» **ACTIVITY**: Exact copies of the lines below, from the one with "MSE PRO LSDB10 Mounting Base clamps" up to and including the one with "Mieszkanie na sprzedaż, 33", are what this calls for; leave out pictures.

» **PROVIDED RECORDS**:
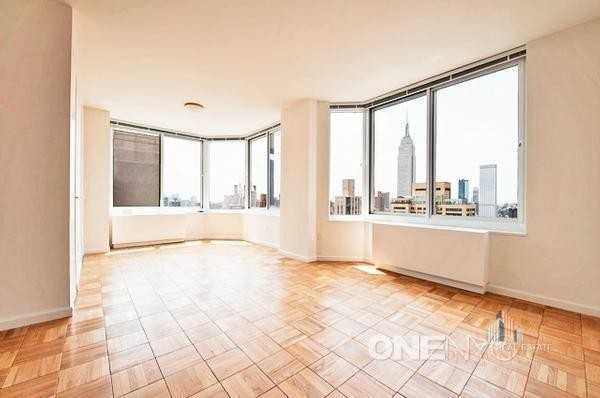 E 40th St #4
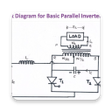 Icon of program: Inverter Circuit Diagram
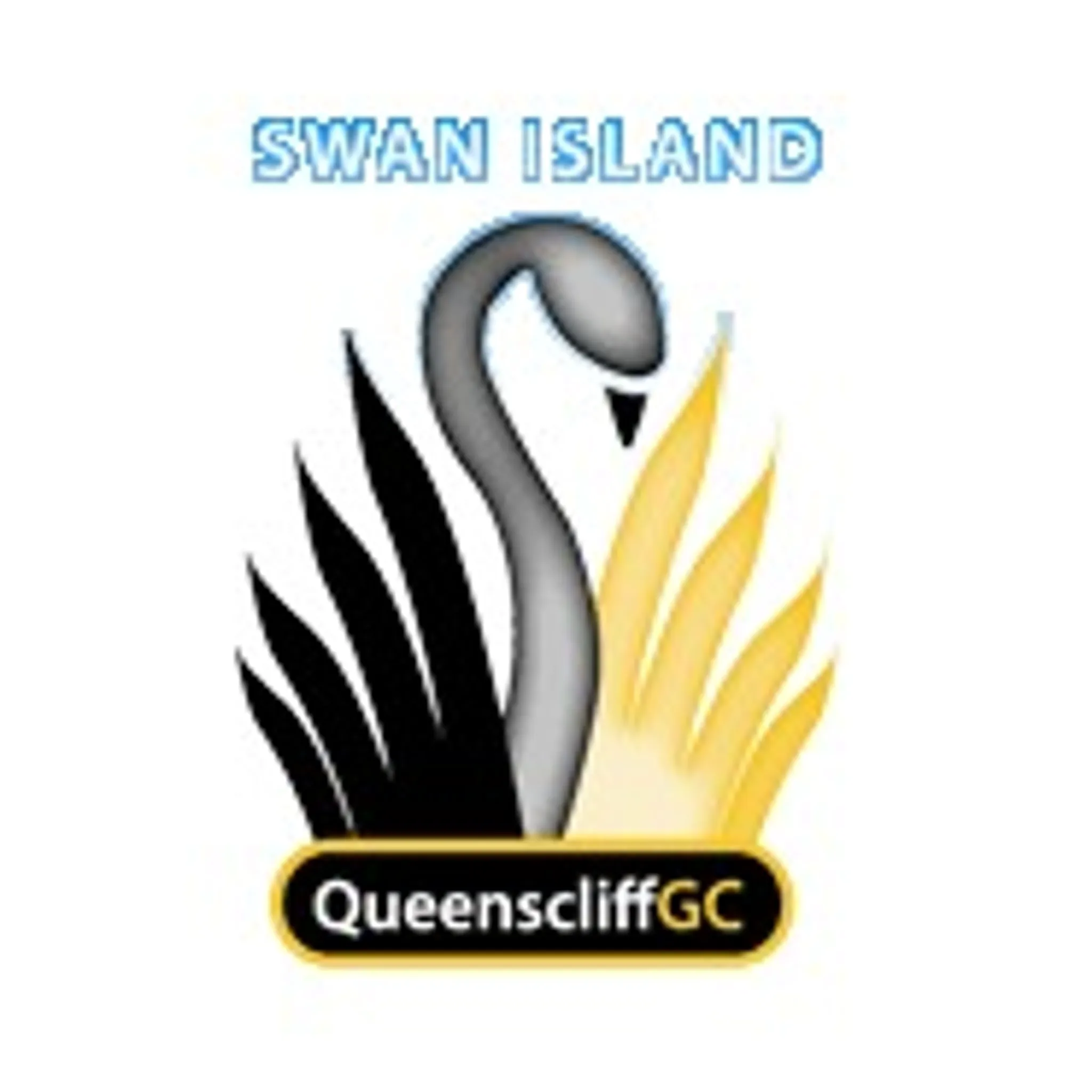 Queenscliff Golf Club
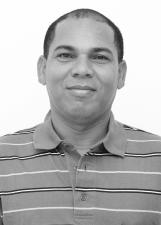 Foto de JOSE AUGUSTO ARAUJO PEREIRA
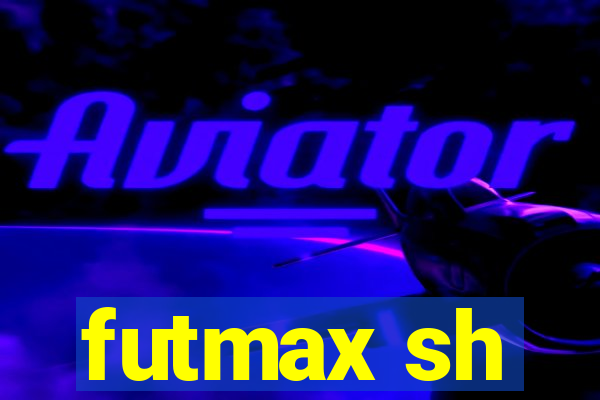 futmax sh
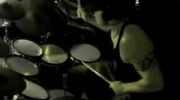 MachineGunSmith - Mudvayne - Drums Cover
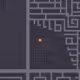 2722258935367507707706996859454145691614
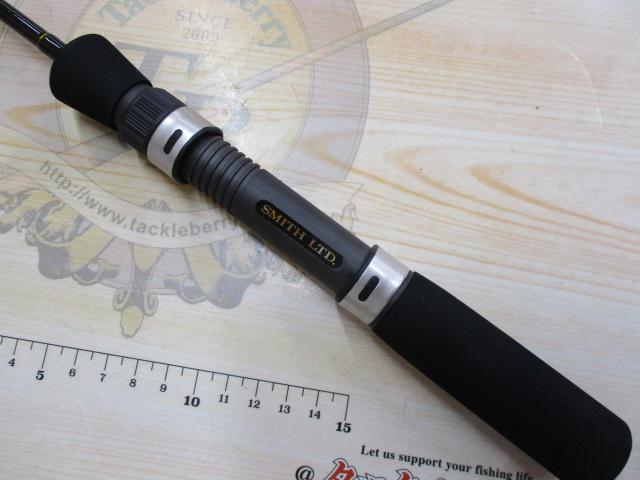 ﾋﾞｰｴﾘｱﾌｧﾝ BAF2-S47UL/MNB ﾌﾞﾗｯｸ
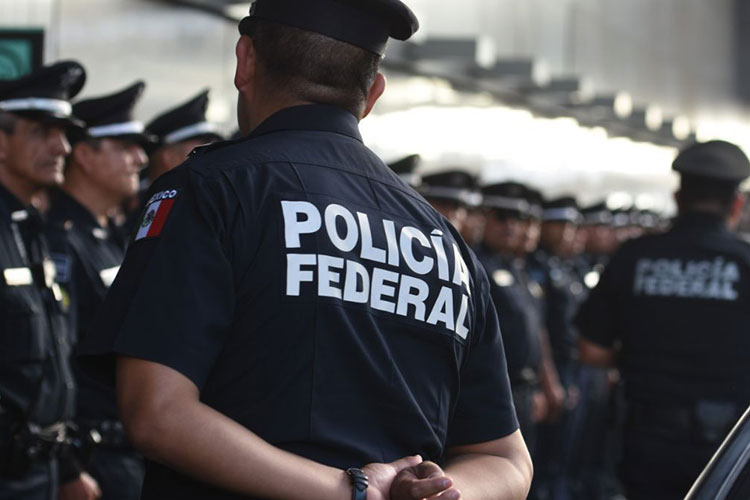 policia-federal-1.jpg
==
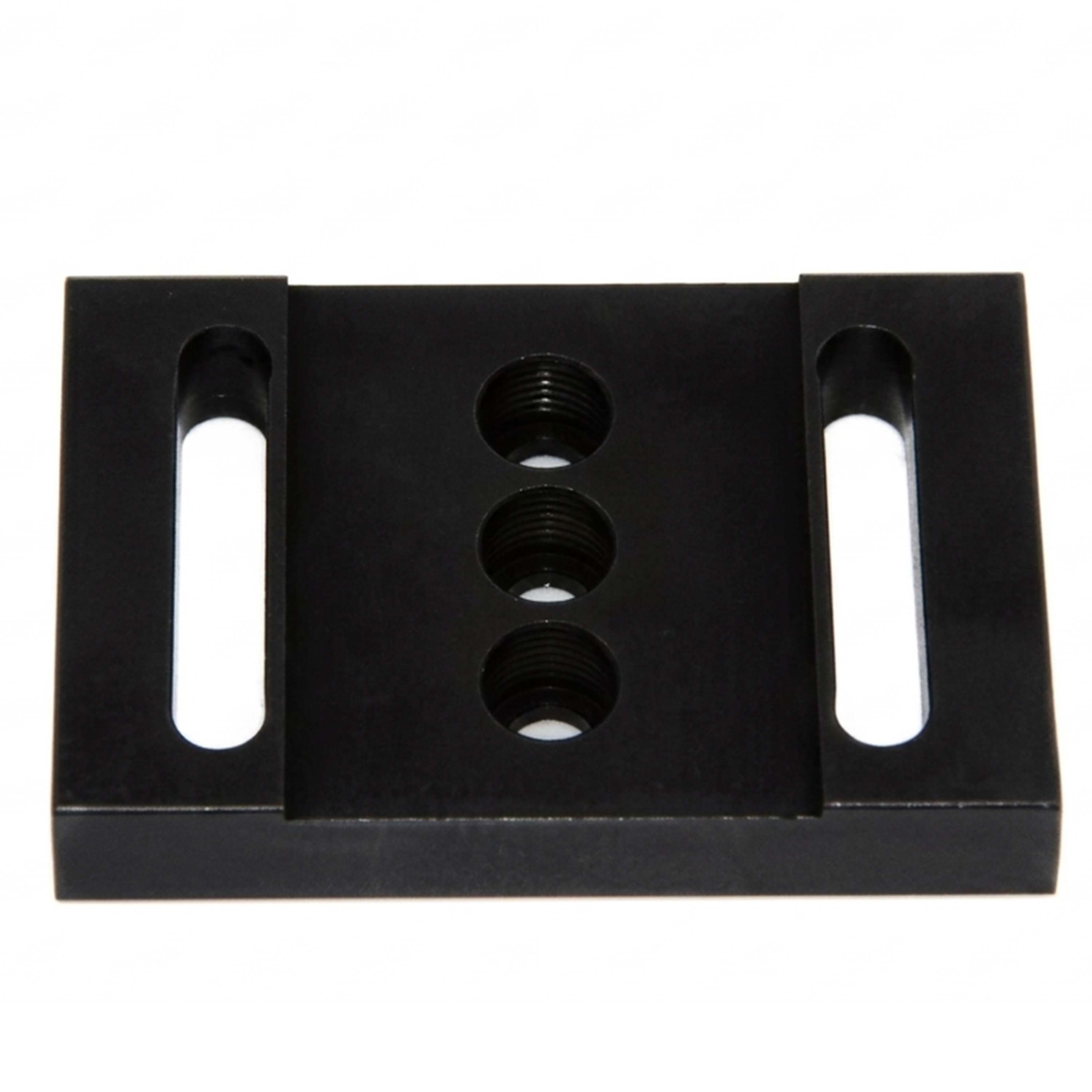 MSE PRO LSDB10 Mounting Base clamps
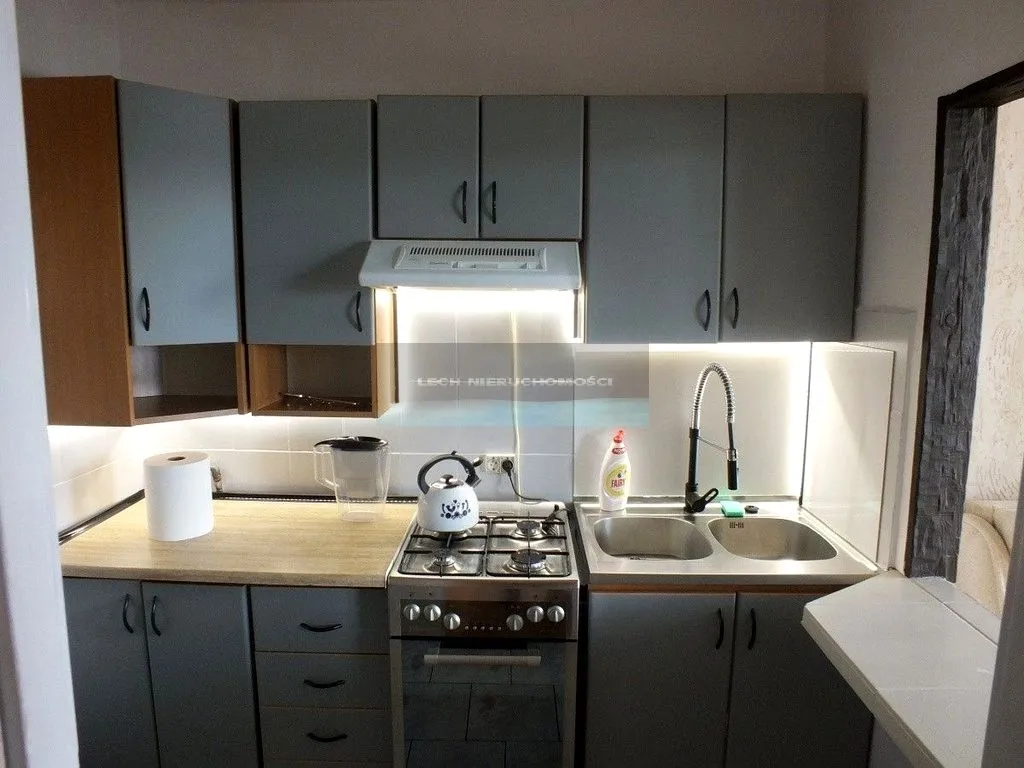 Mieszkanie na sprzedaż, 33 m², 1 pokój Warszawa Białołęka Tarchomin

» **YOUR RESPONSE**:
 MSE PRO LSDB10 Mounting Base clamps
 Mieszkanie na sprzedaż, 33 m², 1 pokój Warszawa Białołęka Tarchomin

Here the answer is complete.